Caption-style text data

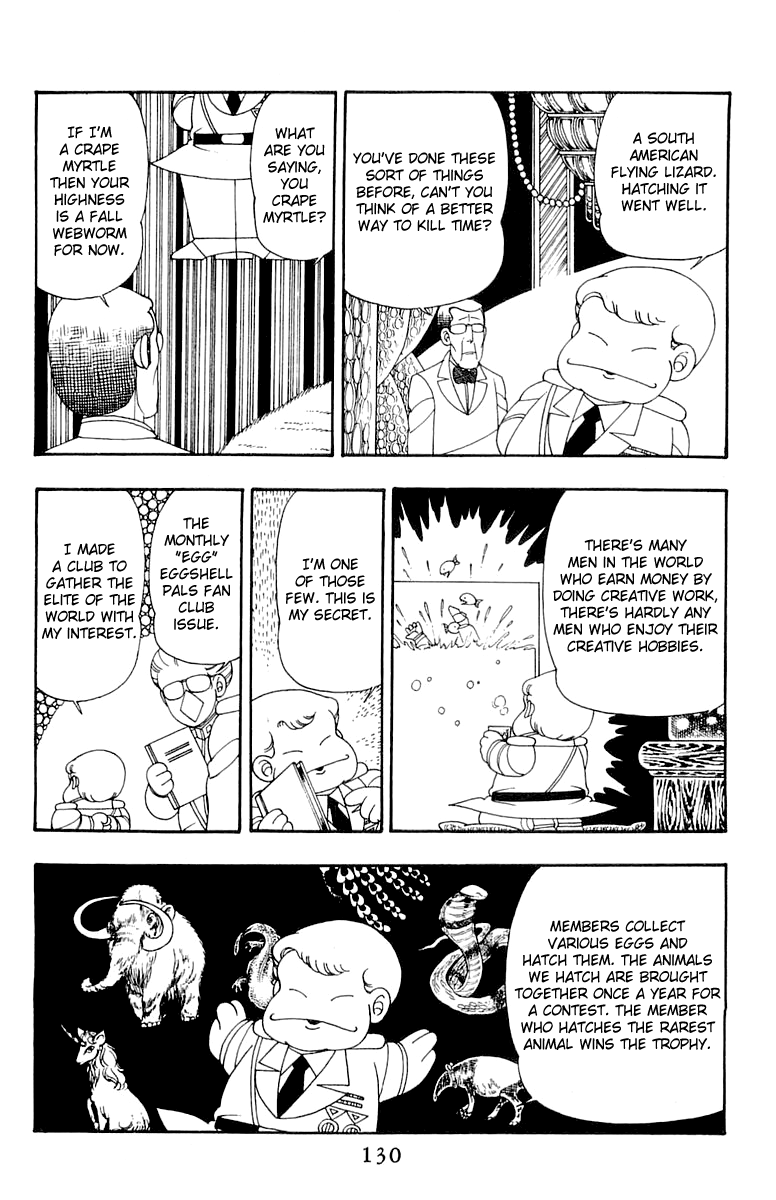 Read Patalliro! chapter 33 image 3 on Lezhin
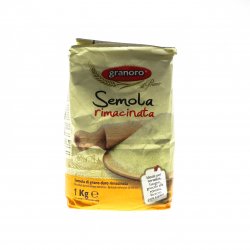 Făină din grâu dur remăcinat 1 KG RAN image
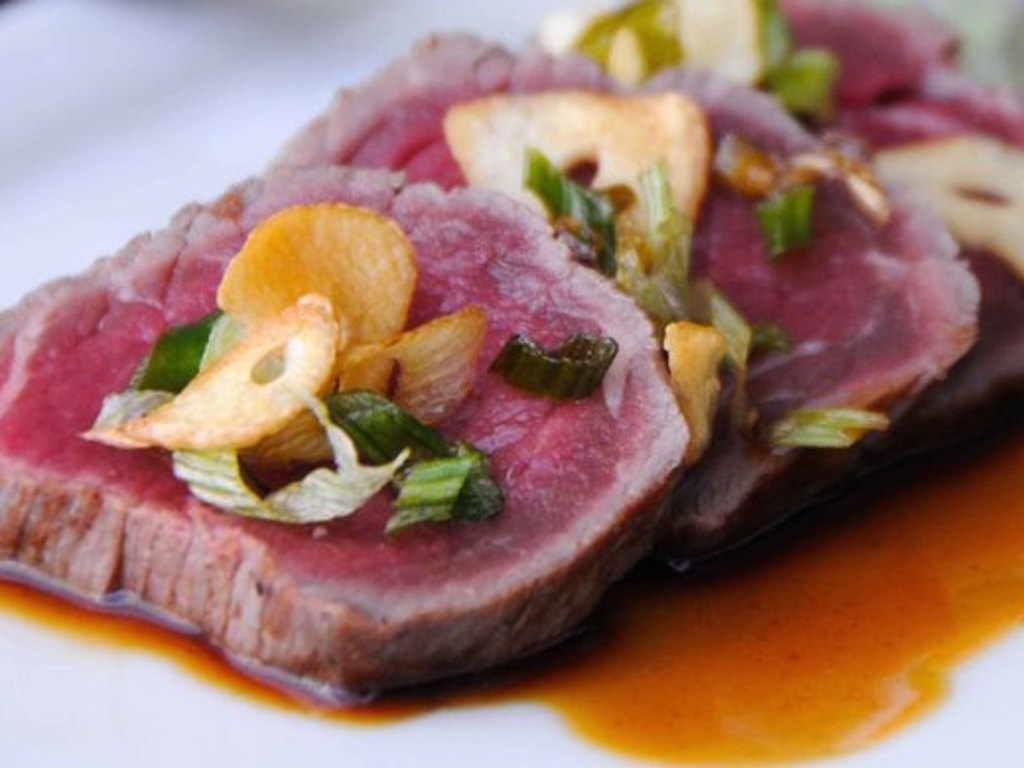 Tataki - Tagliata di manzo alla giapponese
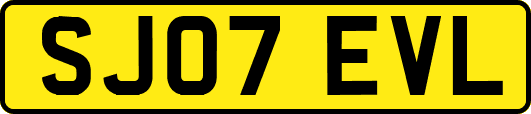 SJ07EVL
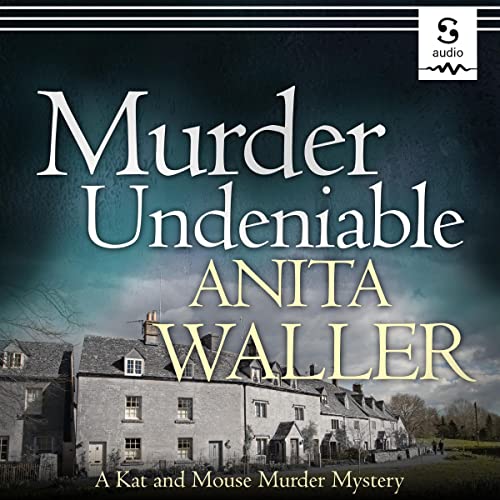 Murder Undeniable cover art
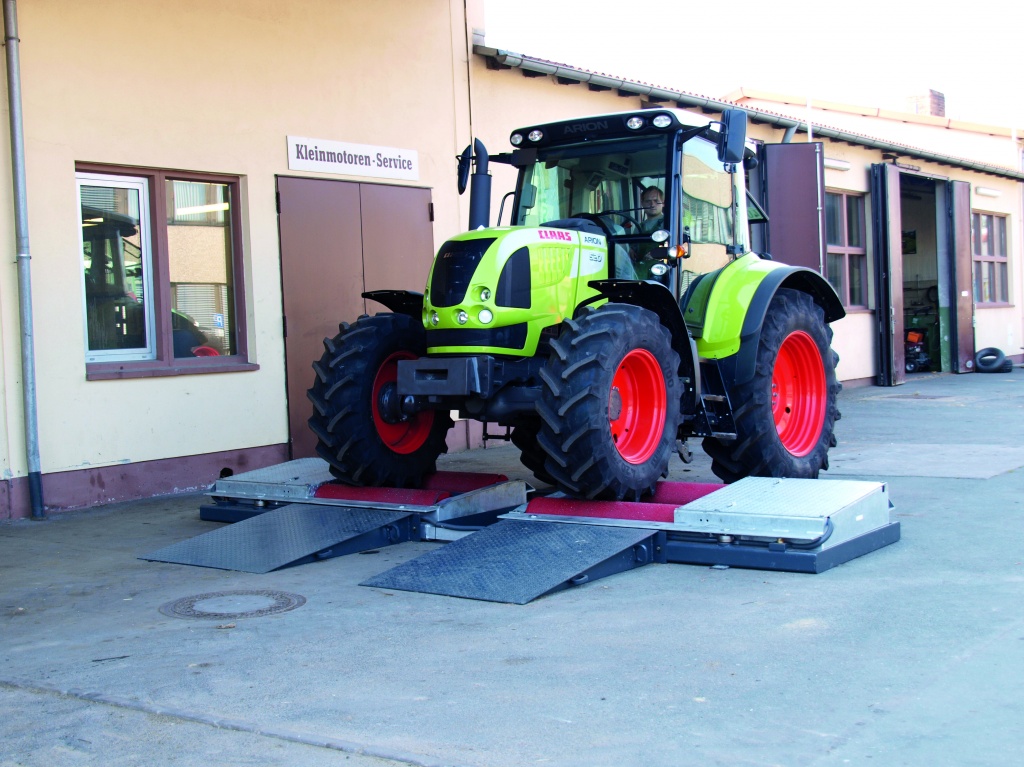 MBT 6250 Eurosystem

• **About this task**
The lines to be quoted run from the line containing "Tataki - Tagliata di manzo alla giapponese" through the end of the entries above, both included; quote them exactly and leave out any pictures.

• **Answer to the problem**
 Tataki - Tagliata di manzo alla giapponese
 SJ07EVL
 Murder Undeniable cover art
 MBT 6250 Eurosystem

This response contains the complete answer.